What is needed.
Your answer should hold only the lines from the one containing "Coreykin Fast Charging" through the last line below, copied exactly; pictures stay out.

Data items
*** Block opens ***

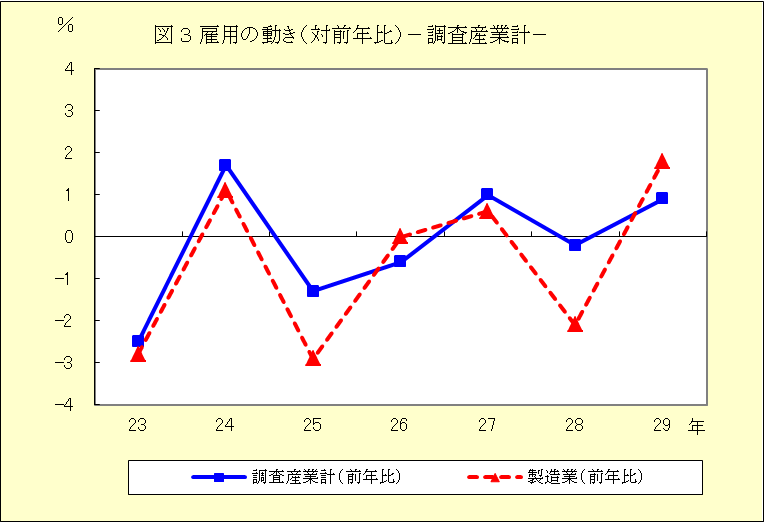 図３　雇用の動き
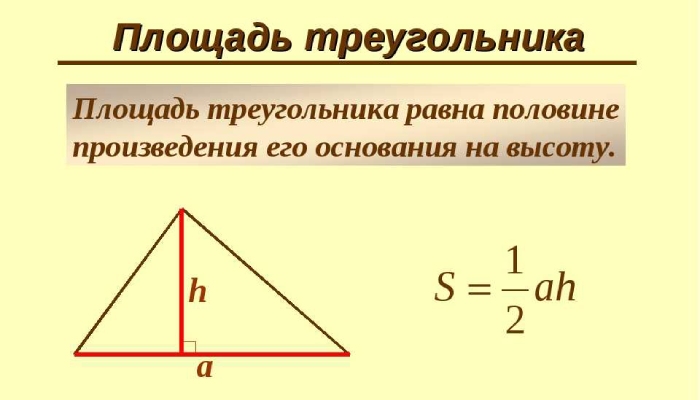 Площадь треугольника abc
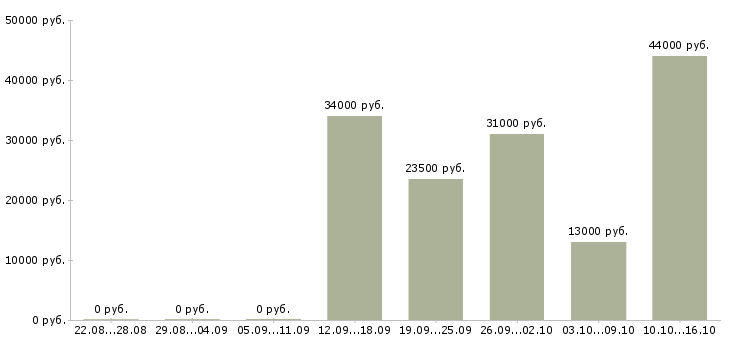 Вакансии офисный менеджер в Курске - Медиана зарплат офисный менеджер в Курске за 2 месяца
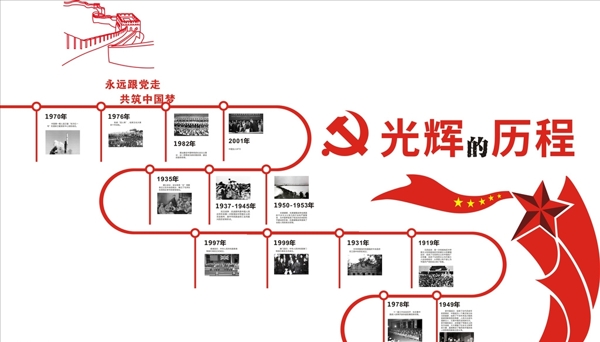 黨建文化墻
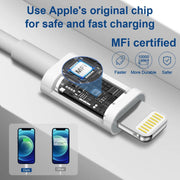 Coreykin Fast Charging Cable 2-Pack USB-C to Lightning, 6 Ft, White, Compatible with iPhone 14/13/12/11 and iPad
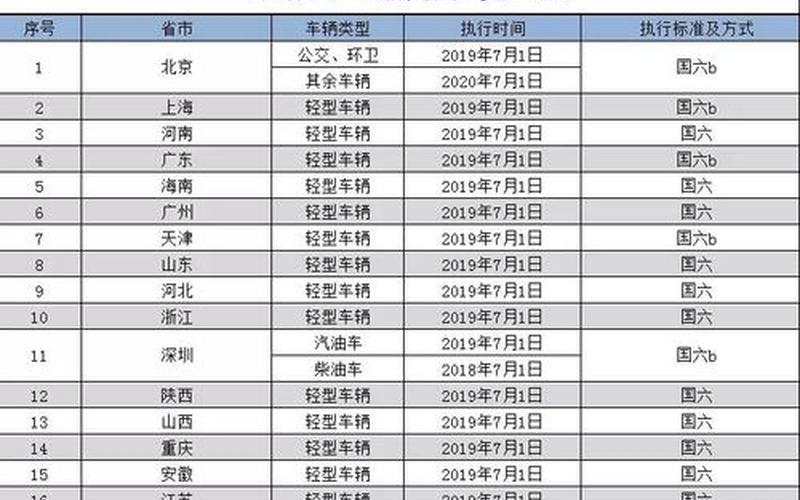 还6是国五还是国四(现在是国五还是国六)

*** Block closes ***

Task answer.
 Coreykin Fast Charging Cable 2-Pack USB-C to Lightning, 6 Ft, White, Compatible with iPhone 14/13/12/11 and iPad
 还6是国五还是国四(现在是国五还是国六)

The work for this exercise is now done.